Il comunista
“Tenetelo presente: il partito non è fuori di noi, è noi, ciò che noi siamo dall’animale in su. Dalla pancia in su. Il partito ci comanda? È la nostra coscienza che ci comanda”.
L’onorevole Ferranini, il protagonista di questo romanzo, scritto da Guido Morselli tra il 1964 e il 1965, si trova catapultato dalla provincia modenese a Roma, dopo aver vinto le elezioni sotto il simbolo del PCI e aver messo piede in Parlamento (il “chiacchierificio”, come lo chiama Ferranini, uomo votato all’azione, alla lotta).
Il nostro comunista vive un’esistenza in linea con i propri principi, che sono poi i principi del partito. Si trova integrato nelle parole sopra riportate: in lui è il partito e il partito è la coscienza che lo comanda. Finché, un giorno, emerge entro la sua coscienza una bolla che non si integra con l’ortodossia, rivelando che in fondo la sua coscienza è semplicemente sua. Questa bolla ha la forma di una idea pericolosa: l’alienazione, che caratterizza il sistema capitalistico, non potrà mai essere superata — non lo sarà nemmeno nel futuro illuminato dal sole dell’avvenire, quando la rivoluzione sarà compiuta e si realizzerà la società comunista. Il motivo di tale convinzione sta qui:
“Siamo coatti. Lavorare, produrre, non è mai qualcosa di spontaneo, non è l’affermarsi di una nostra personalità, è soltanto una necessità, che non dà tregua. Difatti è la necessità di sopravvivere, di aprirci un varco, di trovare respiro, fra le forze estranee che ci premono tutt’intorno, che tendono a richiudersi su di noi. Vivendo, ci rendiamo conto ogni giorno che lavorare (e dunque soffrire) è una legge che ci è imposta dal di fuori. ‘Alienazione’? Io direi che non c’è modo di alienarci (ossia di perderci) fuori di noi. Il pericolo che ci incombe è il pericolo inverso, di essere soffocati dentro il nostro io dalla realtà che ci circonda, o ci assedia. Il rischio di non potere venire fuori dal nostro nocciolo di sostanza viva e cosciente, chiuso da ogni parte dalla ostilità (inerte o attiva) delle cose che gravano su di esso opponendosi al suo esplicarsi”.
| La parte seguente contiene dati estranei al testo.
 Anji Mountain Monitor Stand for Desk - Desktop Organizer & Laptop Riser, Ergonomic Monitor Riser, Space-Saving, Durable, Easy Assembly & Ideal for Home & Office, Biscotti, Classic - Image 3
In parole povere, siamo condannati alla sopravvivenza, al lavoro, e dunque alla sofferenza — la realtà ci schiaccia, e il “mestiere di vivere” consiste nel tenere aperto uno spiraglio per trovare quel poco di aria che ci consente di esserci.
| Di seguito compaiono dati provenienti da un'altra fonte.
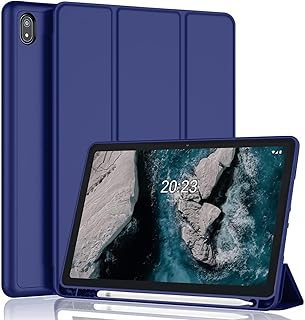 Smart Case Compatible with Nokia T20 Tablet with Pencil Holder and Soft Silicone Back and Full Body Protection, Auto Wake/Sleep Feature (Blue)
Questa idea non piace al partito, chiaramente. Ma una volta resa pubblica, il partito non prende provvedimenti: Ferranini viene semplicemente richiamato all’ordine. Il partito non si preoccupa, non ha occhi per questo anonimo individuo che ingrossa le fila di Botteghe Oscure. Ma come? Perché non vengo punito come merito? perché non sono considerato?, si chiede Ferranini. Dunque, io non conto nulla? Ed è a questo punto che il romanzo ha una virata esistenzialista: il protagonista, dopo anni spesi in tale anonimato (in forza di un incredibile senso del dovere e fedeltà alla linea) decide di riprendere la propria individualità e di agire al di fuori del partito. E sono queste le pagine più belle, che rendono giustizia a un romanzo altrimenti prolisso, verboso, soffocante — respingente. Pagine in cui la bolla eccentrica cresce e si fa coscienza.